Um novo corante ocular, feito a partir do açaí, pode tornar cirurgias de retina mais simples, eficazes e baratas. O estudo sobre o composto, desenvolvido por cientistas do departamento de oftalmologia da Universidade Federal de São Paulo (Unifesp), está suas fases finais e o produto poderá começar a ser usado em operações no próximo ano. A estimativa dos pesquisadores é que o novo corante seja até dez vezes mais barato que os utilizados atualmente, que são importados e custam cerca de 300 reais.

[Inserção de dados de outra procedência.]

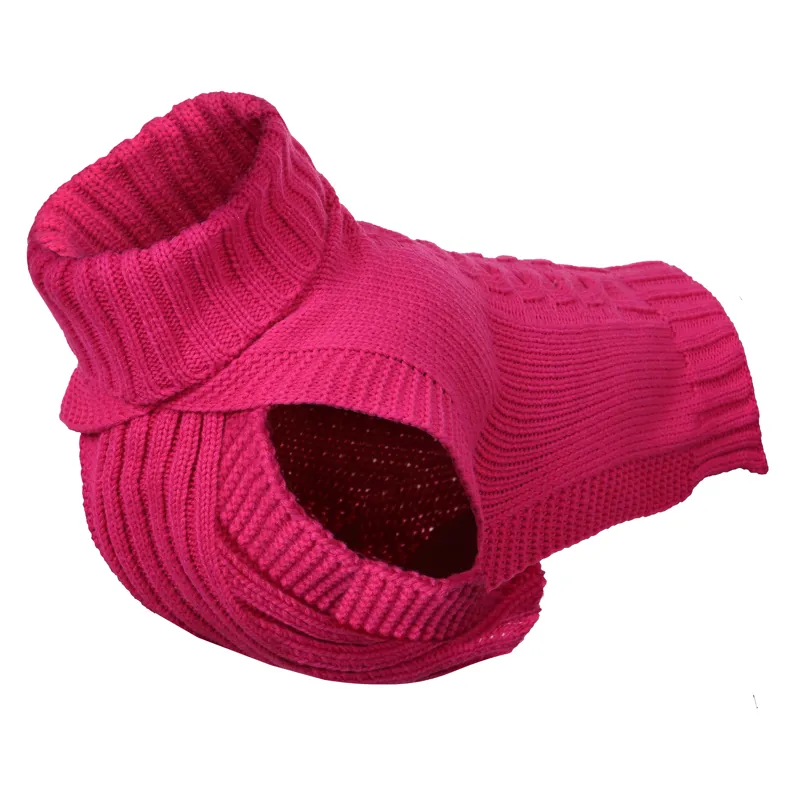 Rukka Wooly Knitwear Hot Pink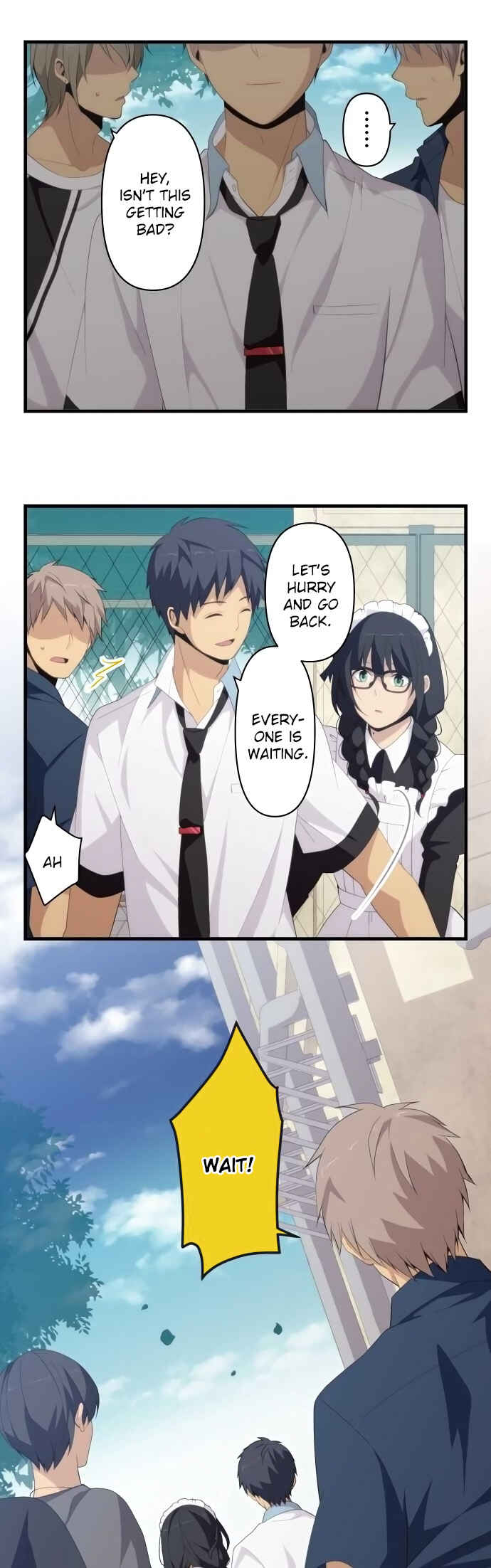 Page 17 Chapter 147 ReLIFE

“São muitas as vantagens do composto. É uma droga nacional, mais eficiente, barata e, como o corante à base de açaí é antioxidante, ela pode ser também mais segura. Em termos de saúde pública, seria um ganho imenso para as cirurgias de retina”, explica o oftalmologista e especialista em cirurgia de retina Mauricio Maia, professor da Unifesp e coordenador do estudo.
Corantes brasileiros
De acordo com estimativas, há em todo o mundo cerca de 60 milhões de pessoas com menos de 10% da visão. No Brasil, estima-se que o número esteja em torno de 2 milhões de pessoas – muitas delas tiveram a condição causada por doenças que afetam a retina e que poderiam ser tratadas com cirurgias.
Como as estruturas intraoculares são de tamanho microscópico, os médicos utilizam corantes para conseguir visualizar as membranas e tecidos semitransparentes que devem sofrer a intervenção. Atualmente são utilizadas três substâncias químicas com esse objetivo – uma delas, com grande potencial tóxico. Além disso, não há uma substância capaz de colorir todas as estruturas envolvidas na cirurgia, o que torna necessária a utilização de mais de um produto.
Para tentar encontrar uma substância mais eficiente, os médicos da Unifesp iniciaram em 2010 um estudo com corantes naturais brasileiros. Os cientistas resolveram examinar as tinturas usadas pelos índios brasileiros, como urucum e açaí. A hipótese era que, como os vegetais são usados para pintar a pele, possivelmente não apresentariam incompatibilidade com o corpo humano.
Cirurgia de retina
A pesquisa mostrou que as moléculas antioxidantes que dão a coloração roxa ao açaí, chamadas antocianinas, poderiam ser um excelente substituto aos corantes sintéticos. Com recursos do Conselho Nacional de Desenvolvimento Científico e Tecnológico (CNPq) e de uma parceria público-privada, uma equipe de cerca de cem pesquisadores passou os últimos sete anos aperfeiçoando o composto que, neste ano, foi testado em ensaios clínicos em 25 pacientes, com excelentes resultados. As próximas etapas do estudo, necessárias antes da colocação do produto no mercado, devem acontecer nos próximos seis meses.
“O açaí tem características importantes para as cirurgias de retina, como atingir os pontos certos das estruturas oculares, colorir duas importantes membranas e, como é antioxidante, é possível que seu perfil de segurança seja maior do que o das substâncias que já temos”, afirma Maia. “Certamente a vegetação brasileira nos ofereceu um corante tão ou mais adequado do que os químicos antigos.”
Os principais resultados do estudo foram apresentados no encontro da Sociedade Americana de Especialistas em Retina, nos Estados Unidos, no último fim de semana, e serão publicados nos próximos meses em periódicos científicos internacionais.